Likewise, companies with certified project managers can also take advantage of the competence of their employees. For instance, projects handled by certified PMs are usually more successful, which in turn, translates to better profits. Plus, employees tend to be more motivated and reliable regarding collaborative tasks.  

You can get a project management professional (PMP) certification along with others, such as agile and scrum certifications from PMI

4. Earn Sufficient Experience 

It’s improbable to land a major project if you are an entry-level PM. Your best bet is to have broader experience under your belt. To do that, consider starting small or being under the wings of an established project manager. 

You can start as a volunteer, especially for community organizations that often do projects. Take the role of a project coordinator with the goal of applying the theories and skills you acquired. 

If you’re aiming to become a professional PM to software companies, you can get into the industry by starting from a different but related position. For instance, consider applying as a business analyst or a test manager. Once you’re in, you can participate in ongoing projects and showcase your abilities.

Additionally, attend conferences and networking events where you can connect with other project managers and businesses. You can also offer your services to teams and small business owners as a side hustle.

Frequently Asked Questions 

Are project managers outdated?

Project managers are in demand, especially as the business setting continuously navigates the online realm. 

Additionally, companies are always moving towards improving their efficiency and wish to guarantee the smooth implementation of necessary changes. Throughout these goals, a project manager comes out as the leader. 

On top of that, software products are commonly released regularly, which entails more projects being formed within enterprises. For example, software as a service (SaaS) has become a trend in many industries. As it continues to improve, projects have to be initiated. 

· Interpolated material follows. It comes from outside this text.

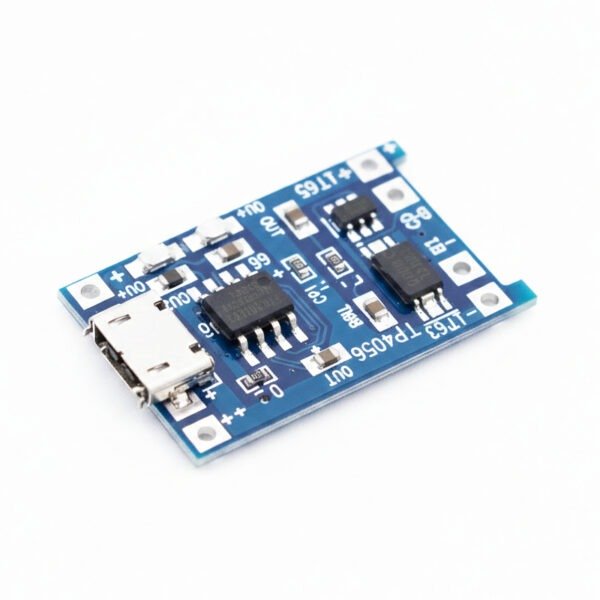 TP4056 Battery Charging Protection Module with Micro USB | Li-ion Charger Board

How fast can you become a project manager?

Training to be a project manager can span from three months to even years. This depends on your commitment to the program and your determination to gain experience in the field. If you want to accelerate your timeline for becoming a PM, work your way to getting certified fast. 

How do I become a project manager with no experience?

You can become a project manager without formal training by following the steps mentioned above:

  • Study the roles of a PM.
  • Master the essential skills.
  • Get certified.
  • Earn enough experience.

If you have a different job today, you will likely already have some of the skills and qualities required of a PM. 

Takeaway 

Age does not matter when it comes to pursuing a career as a project manager, provided that you’re able. Practically, you should be a least 18 to formally establish your career and at least not older than 70 years old. 

If you are passionate about project management and have the right skills, you can become a PM. While it’s true that there will be discrepancies between young and old project managers, focus more on the advantages and diligently work on your roadblocks.